DATA EXTRACTS:

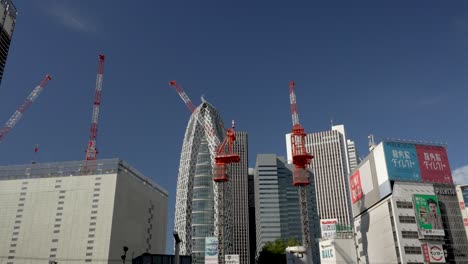 Construction-cranes-stand-against-the-backdrop-of-the-building-skyline-in-proximity-to-Shinjuku-Station,-Japan
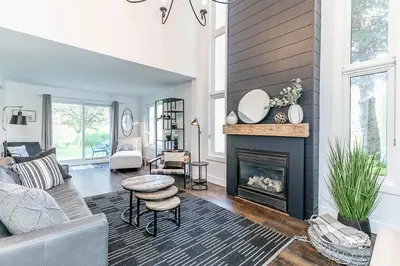 a living room with a couch and a fireplace at Hip Hideaway - Family Fun Walk to the Village in Blue Mountains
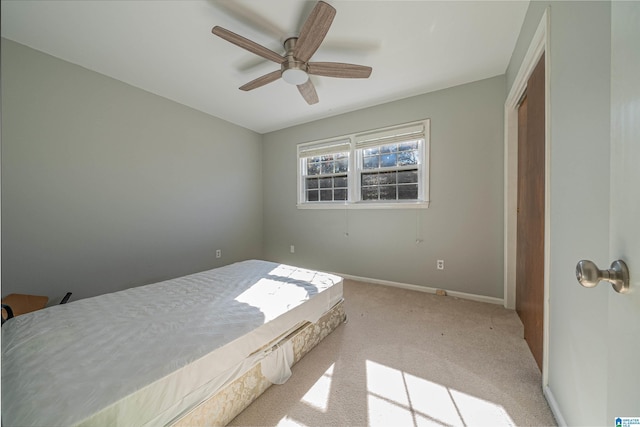 bedroom featuring ceiling fan, a closet, and light colored carpet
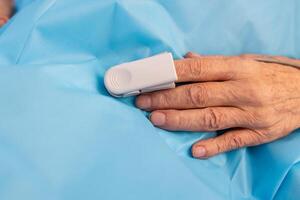 Elderly hand with pulse oximeter clip on finger for oxygen monitoring in medical setting. photo
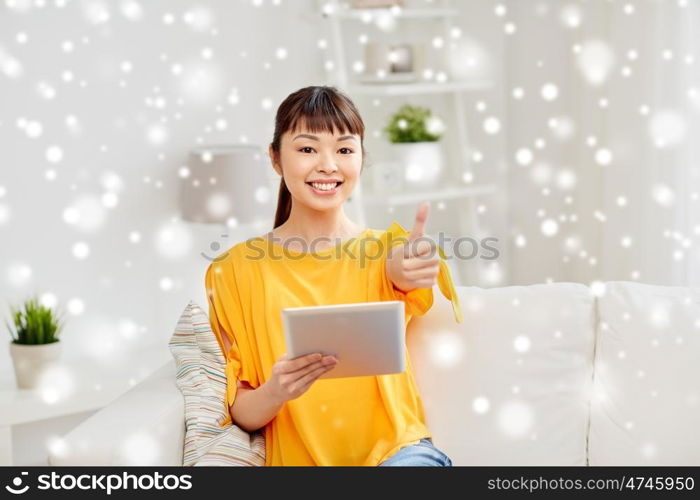 people, technology, gesture and leisure concept - happy young asian woman sitting on sofa with tablet pc computer showing thumbs up at home over snow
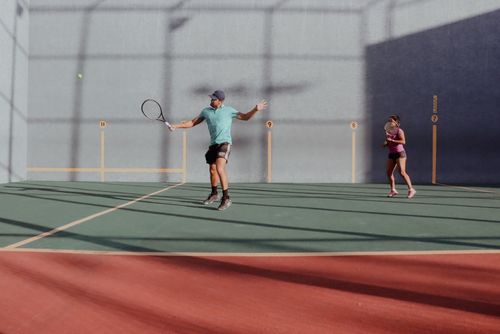 Free Two players engaging in a lively squash game indoors, showcasing skill and athleticism. Stock Photo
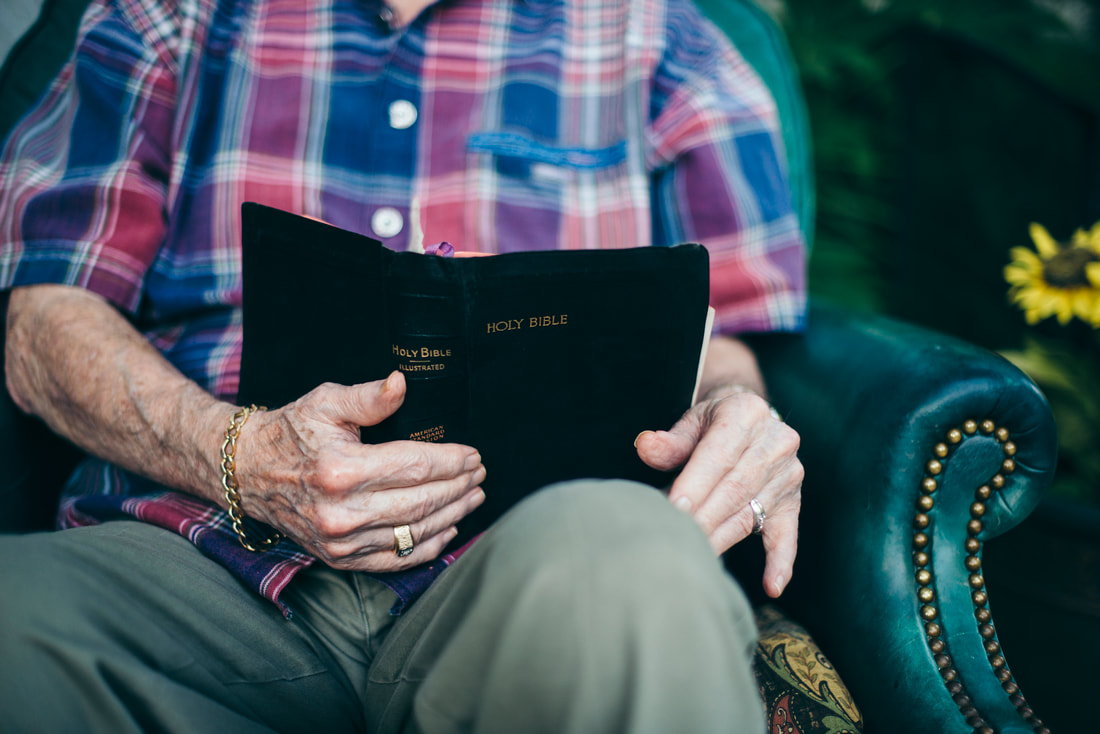 Elderly man reading a bible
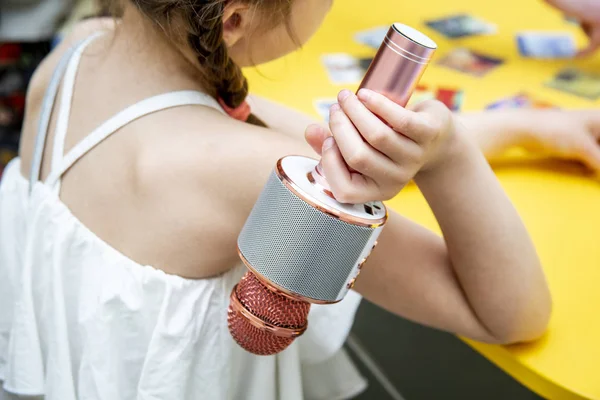 La mano dei bambini tiene un portatile per bambini microfono karaoke colore rosa-argento — Foto Stock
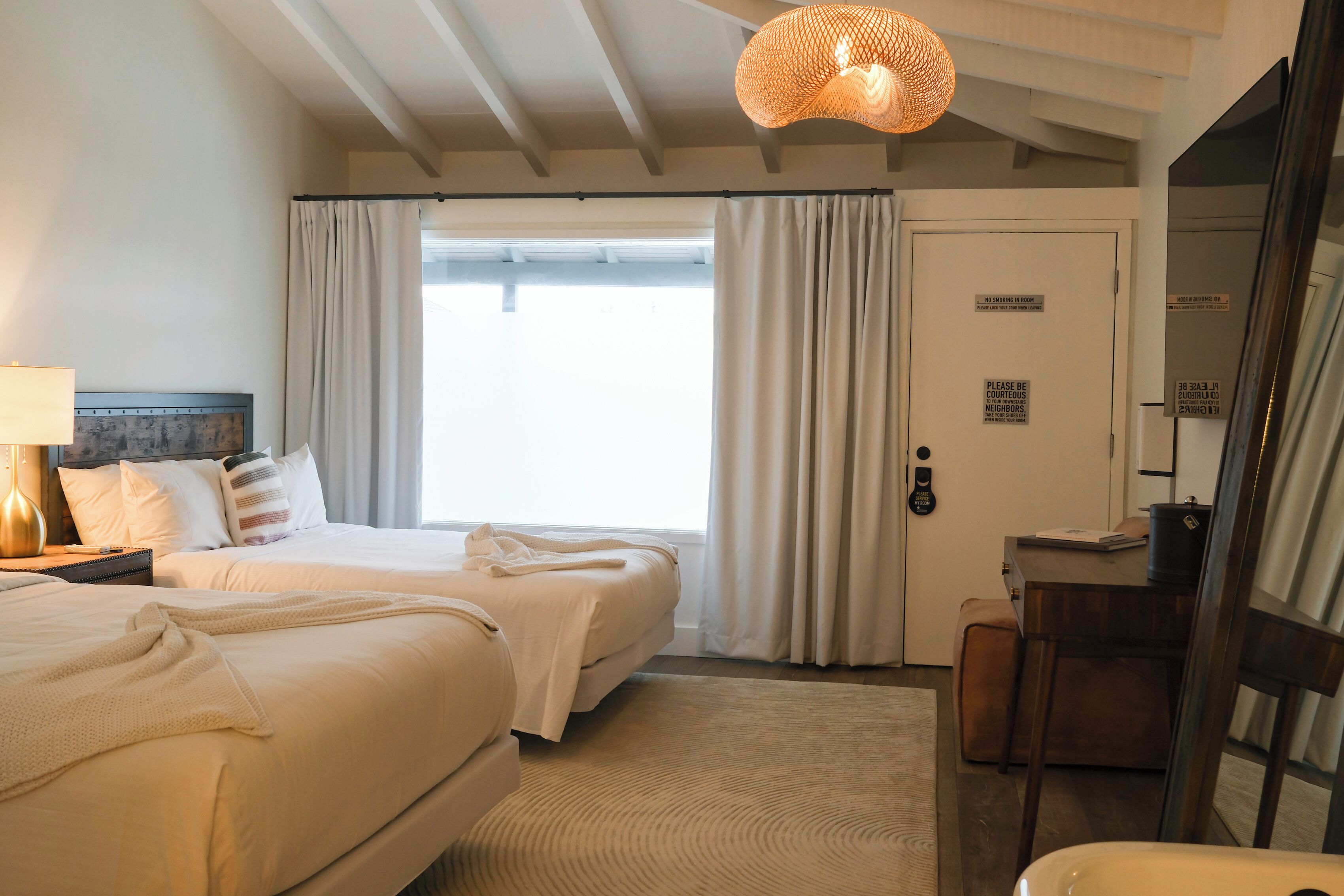 A hotel room with two beds, a desk, a chair, a lamp, and a large window with curtains.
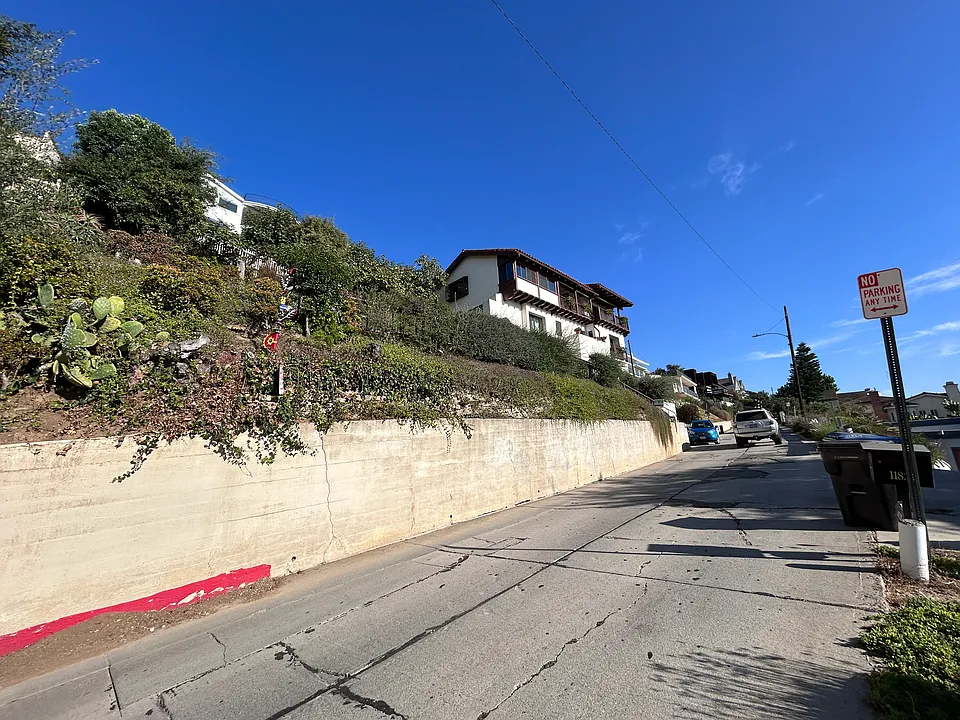 This Spanish-style home is on a large piece of property, so it feels very private. There's space to park 1 slim vehicle where you see the blue-green car in this photo.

WHAT TO DO:
Your answer must be an exact copy of the listing, minus its pictures.

RESULT OF THE TASK:
 Construction-cranes-stand-against-the-backdrop-of-the-building-skyline-in-proximity-to-Shinjuku-Station,-Japan
 a living room with a couch and a fireplace at Hip Hideaway - Family Fun Walk to the Village in Blue Mountains
 bedroom featuring ceiling fan, a closet, and light colored carpet
 Elderly hand with pulse oximeter clip on finger for oxygen monitoring in medical setting. photo
 people, technology, gesture and leisure concept - happy young asian woman sitting on sofa with tablet pc computer showing thumbs up at home over snow
 Free Two players engaging in a lively squash game indoors, showcasing skill and athleticism. Stock Photo
 Elderly man reading a bible
 La mano dei bambini tiene un portatile per bambini microfono karaoke colore rosa-argento — Foto Stock
 A hotel room with two beds, a desk, a chair, a lamp, and a large window with curtains.
 This Spanish-style home is on a large piece of property, so it feels very private. There's space to park 1 slim vehicle where you see the blue-green car in this photo.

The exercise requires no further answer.